**Supplied data:**
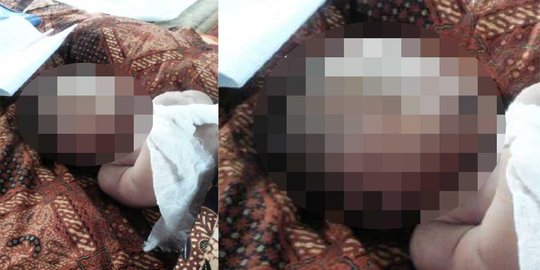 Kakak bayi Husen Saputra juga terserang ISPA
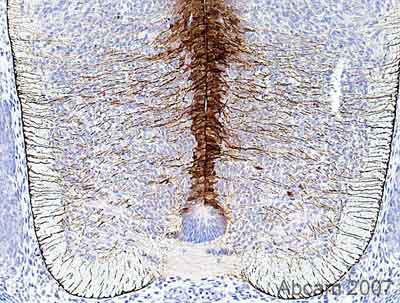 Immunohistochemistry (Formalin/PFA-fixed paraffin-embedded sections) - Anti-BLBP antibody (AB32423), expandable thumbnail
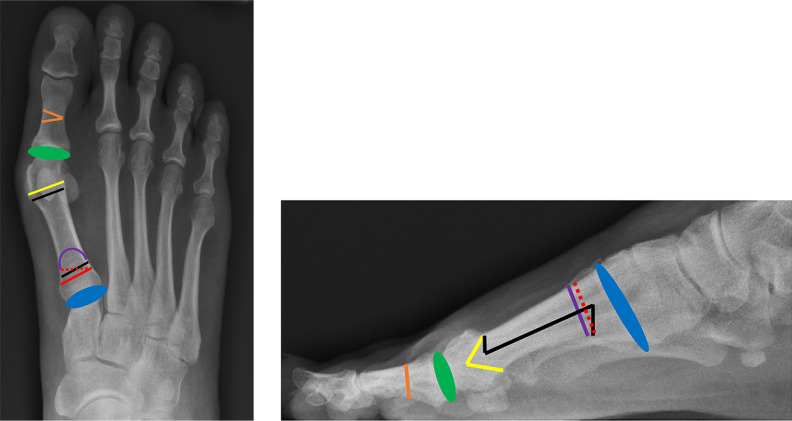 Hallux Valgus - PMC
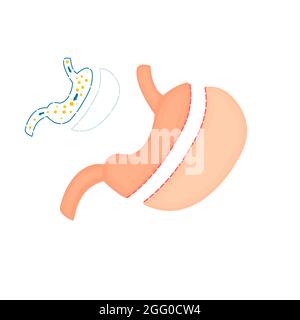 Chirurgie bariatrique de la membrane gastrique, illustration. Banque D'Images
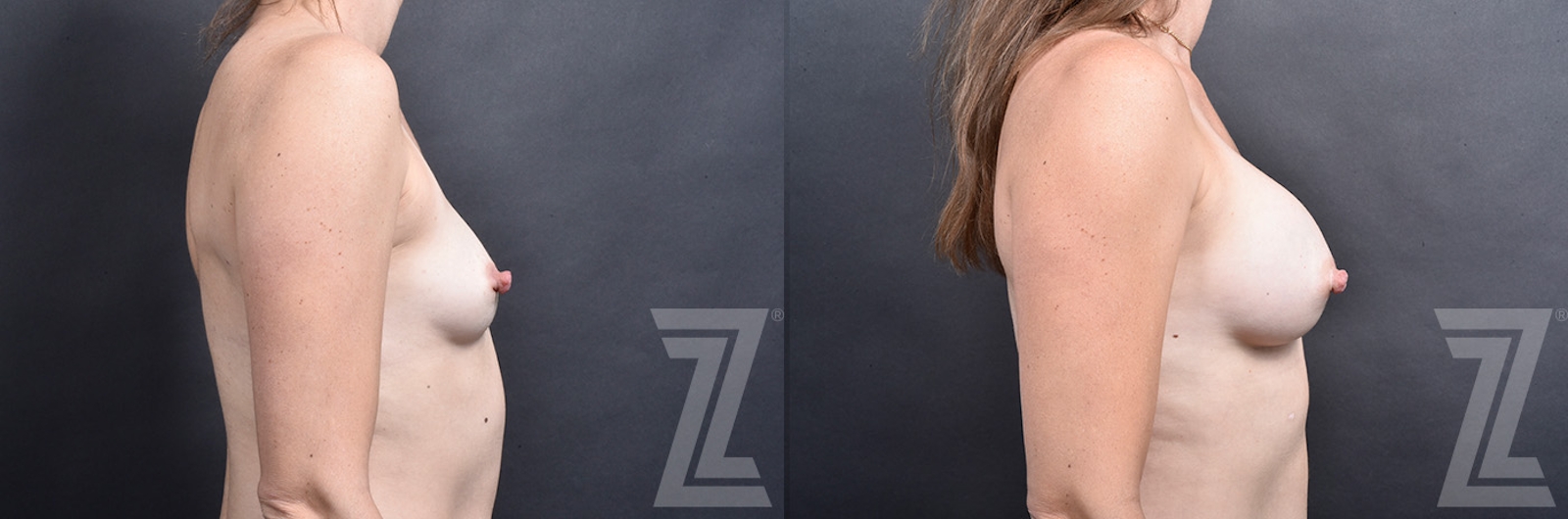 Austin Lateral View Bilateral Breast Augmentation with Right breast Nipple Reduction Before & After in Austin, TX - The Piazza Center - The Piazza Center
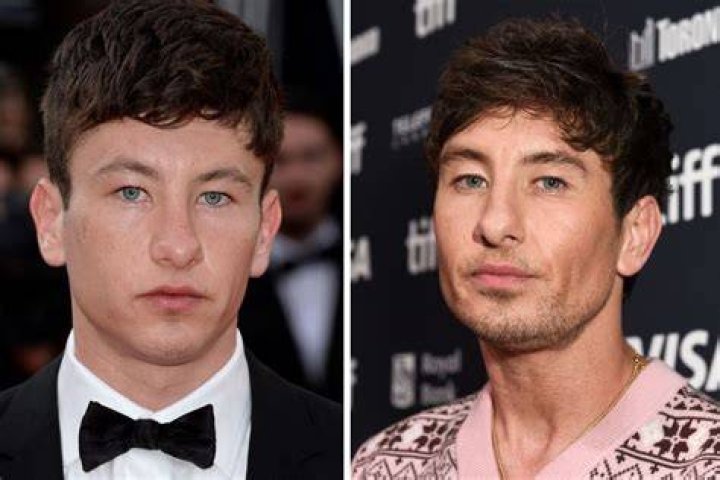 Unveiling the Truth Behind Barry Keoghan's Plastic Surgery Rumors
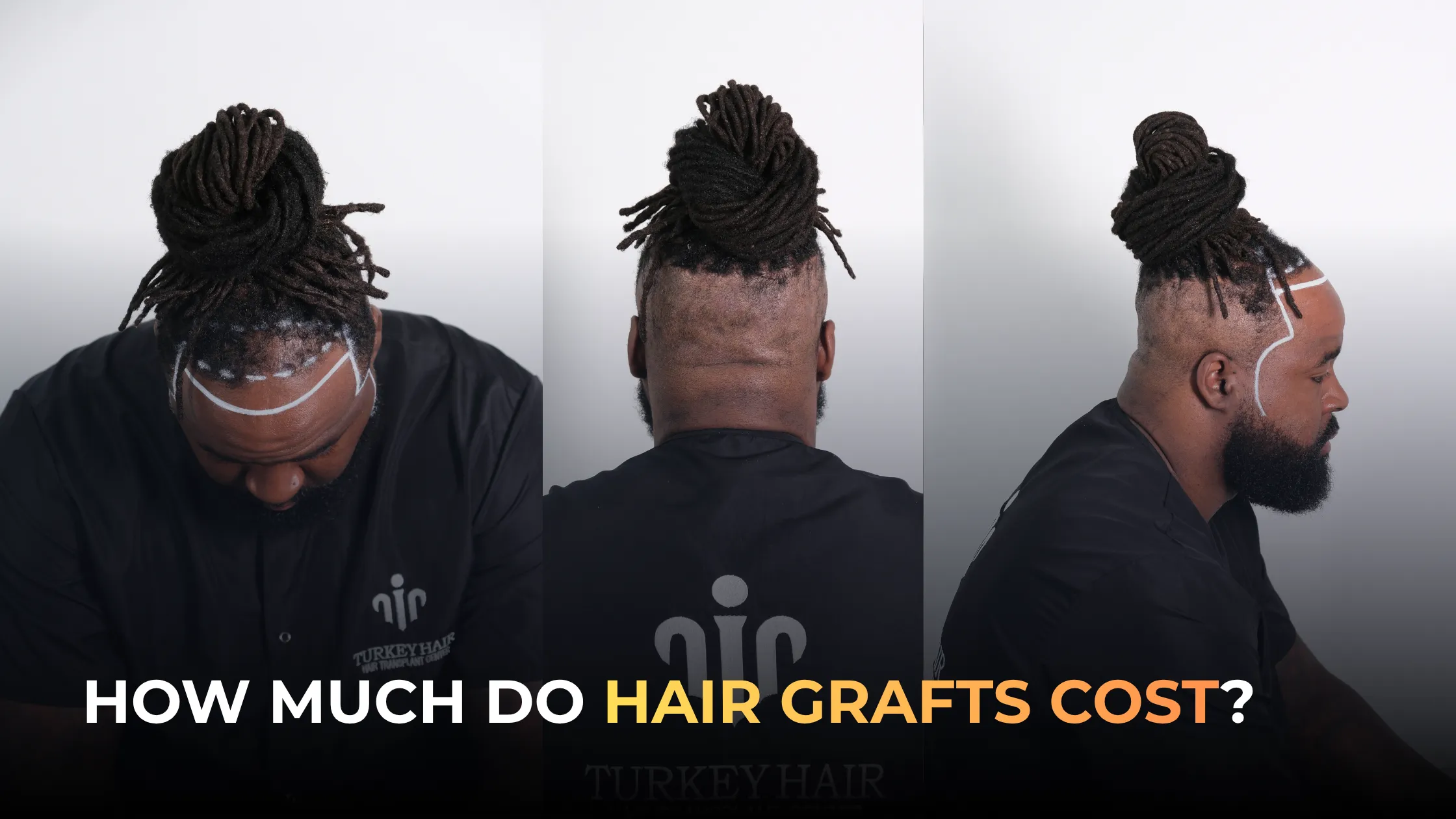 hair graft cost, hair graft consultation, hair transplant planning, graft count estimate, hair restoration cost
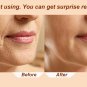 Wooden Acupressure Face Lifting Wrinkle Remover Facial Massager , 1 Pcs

...

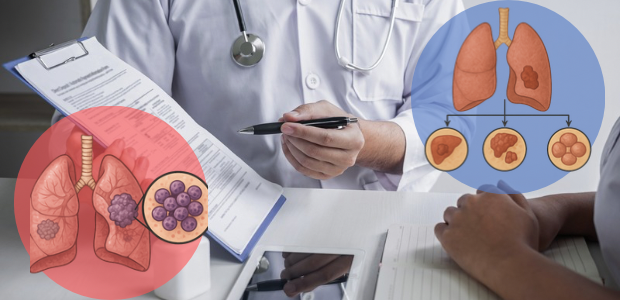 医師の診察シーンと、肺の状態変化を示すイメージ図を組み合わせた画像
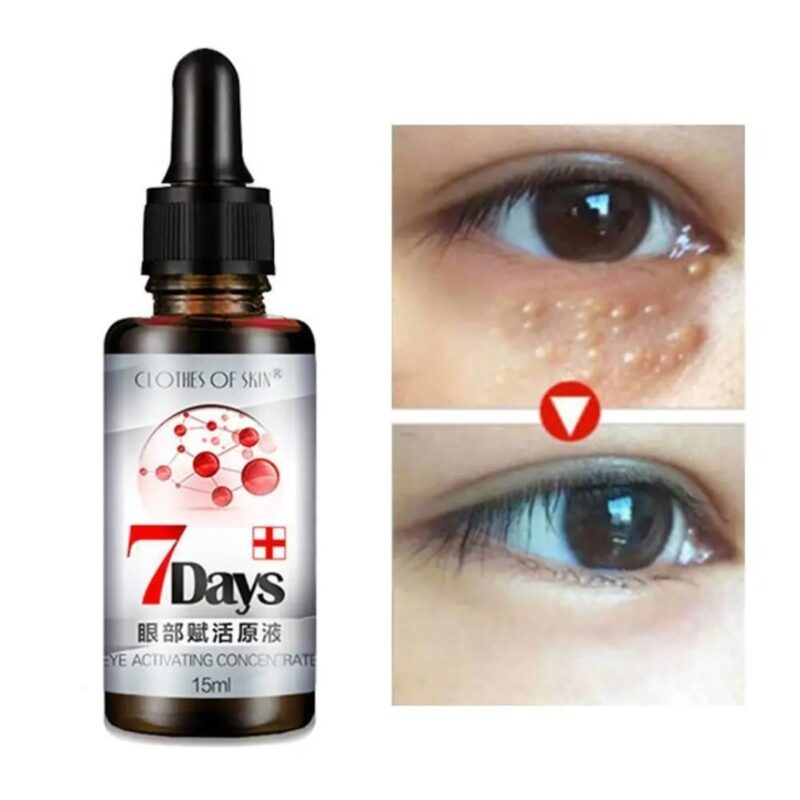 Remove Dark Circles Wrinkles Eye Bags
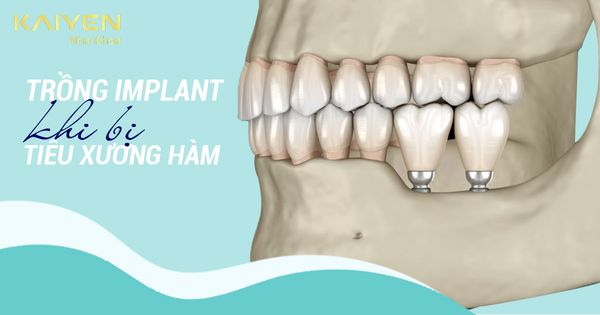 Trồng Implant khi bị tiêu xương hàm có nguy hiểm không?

**Assignment:** From the material above, reproduce only what runs from the line holding "医師の診察シーンと、肺の状態変化を示すイメージ図を組み合わせた画像" down to the line holding "Trồng Implant khi", both included, pictures excluded.

**Response to this task:**
 医師の診察シーンと、肺の状態変化を示すイメージ図を組み合わせた画像
 Remove Dark Circles Wrinkles Eye Bags
 Trồng Implant khi bị tiêu xương hàm có nguy hiểm không?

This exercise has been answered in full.